Brief ->
No pictures should appear in the copy. Reproduce exactly the lines from the one containing "a bedroom with" through the end of the material below.

((

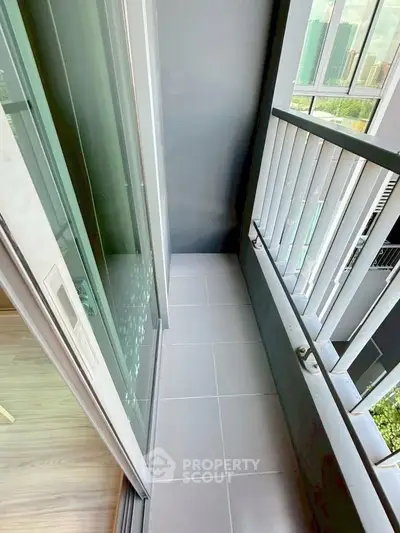 Modern apartment balcony with sleek railing and city view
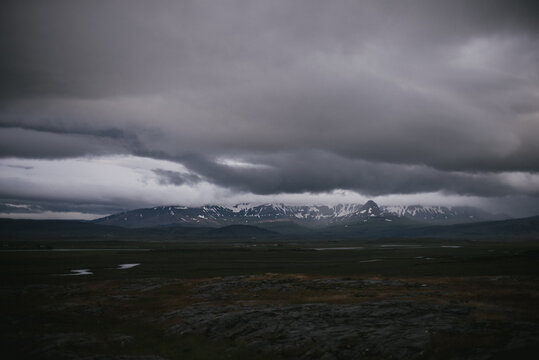 Dark and moody clouds over mountain landscape in Iceland
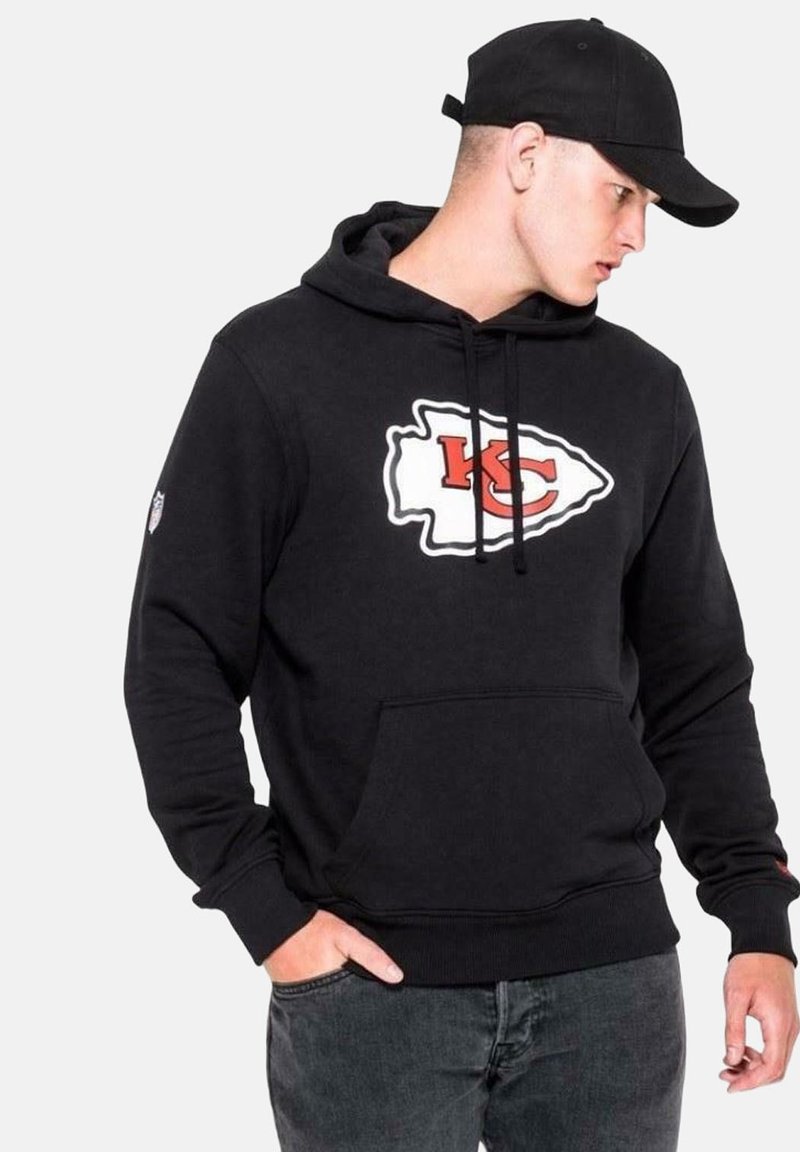 Felpa nera in misto cotone con tasca a canguro frontale, caratterizzata da un grande logo bianco e rosso di Kansas City. Accompagnata da un berretto nero.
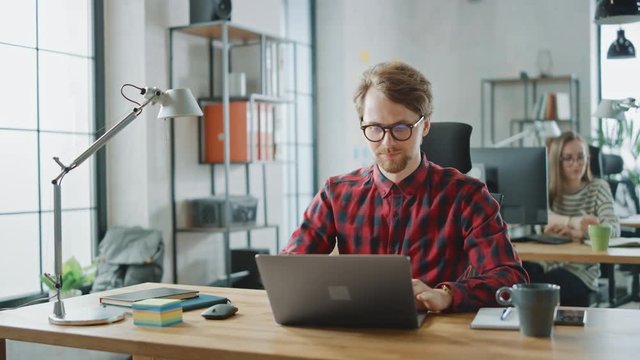 Handsome Young Man in Glasses and Shirt is Working on a Laptop in a Creative Business Agency. They Work in Loft Office. Diverse People Working in the Background. He's in Good Mood.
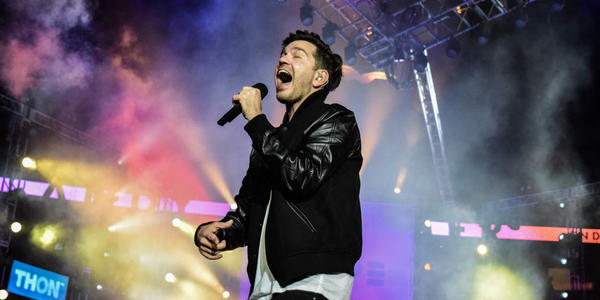 Surprise performance by Andy Grammer on Friday night of THON.  Closeup of Andy singing on stage.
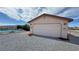 Exterior image of a detached garage with a wide door, offering plenty of space for vehicles or storage at 2300 S Washoe Ave, Pahrump, NV 89048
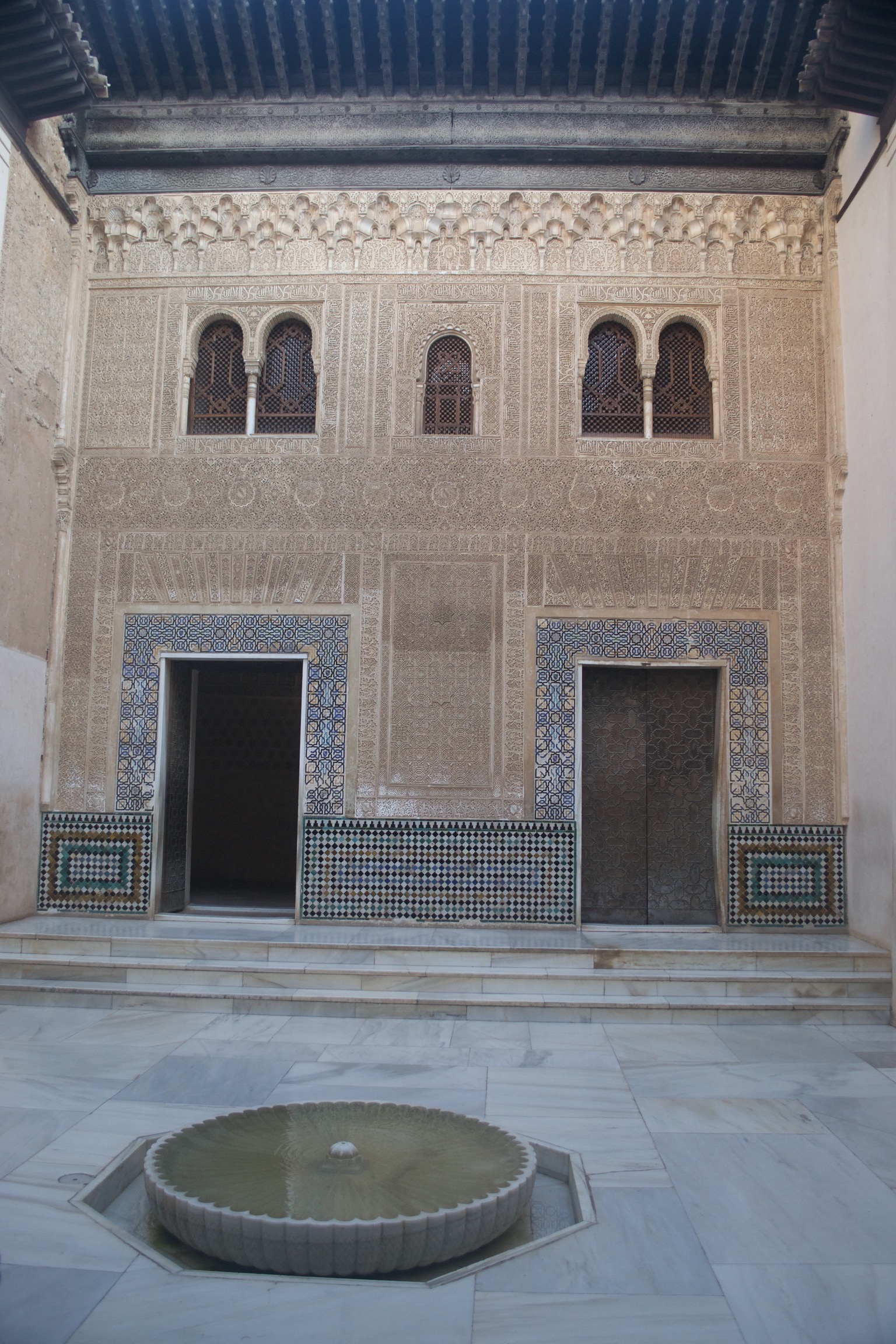 Two doorways are surrounded by mosaics.  The wall is covered with plastered molds or carved engravings.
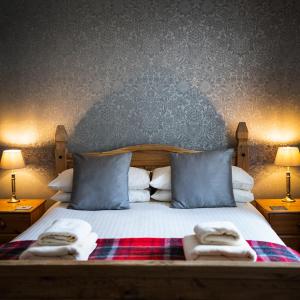 a bedroom with a bed with two towels on it at The Bellachroy Hotel in Dervaig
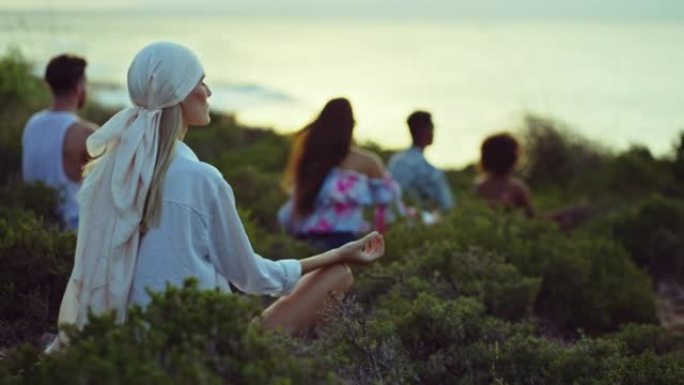一群不同的朋友坐在草崖上，一起放松。在莲花位置冥想
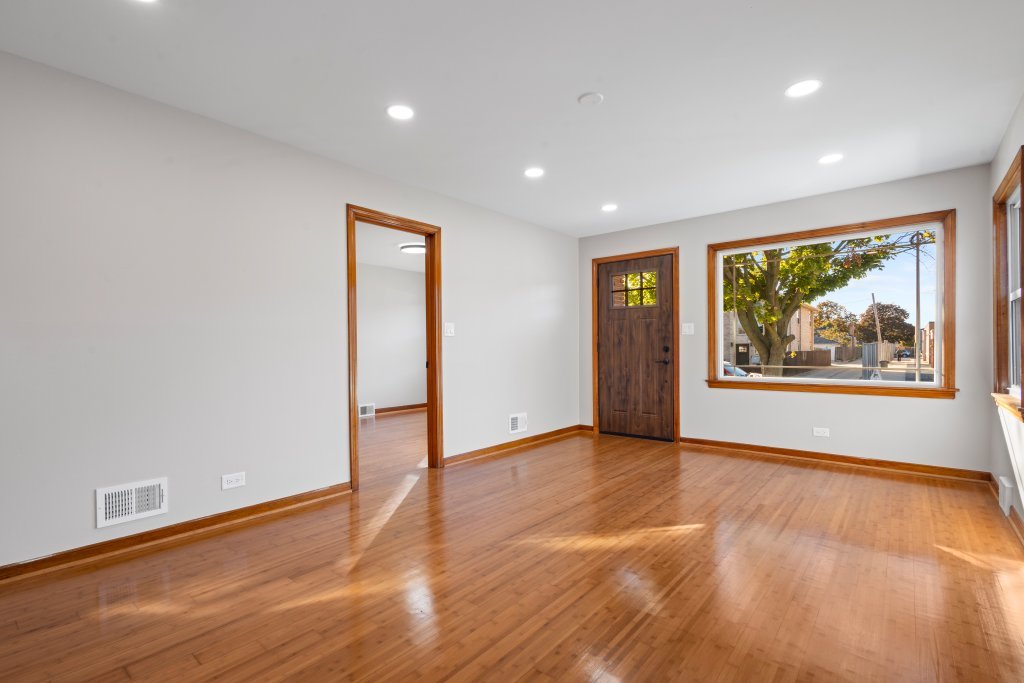 1619 North 20th Avenue Melrose Park, IL 60160 - Photo 3 of 40 a view of an empty room with wooden floor and window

))

Result for this task ->
 a bedroom with a bed with two towels on it at The Bellachroy Hotel in Dervaig
一群不同的朋友坐在草崖上，一起放松。在莲花位置冥想
 1619 North 20th Avenue Melrose Park, IL 60160 - Photo 3 of 40 a view of an empty room with wooden floor and window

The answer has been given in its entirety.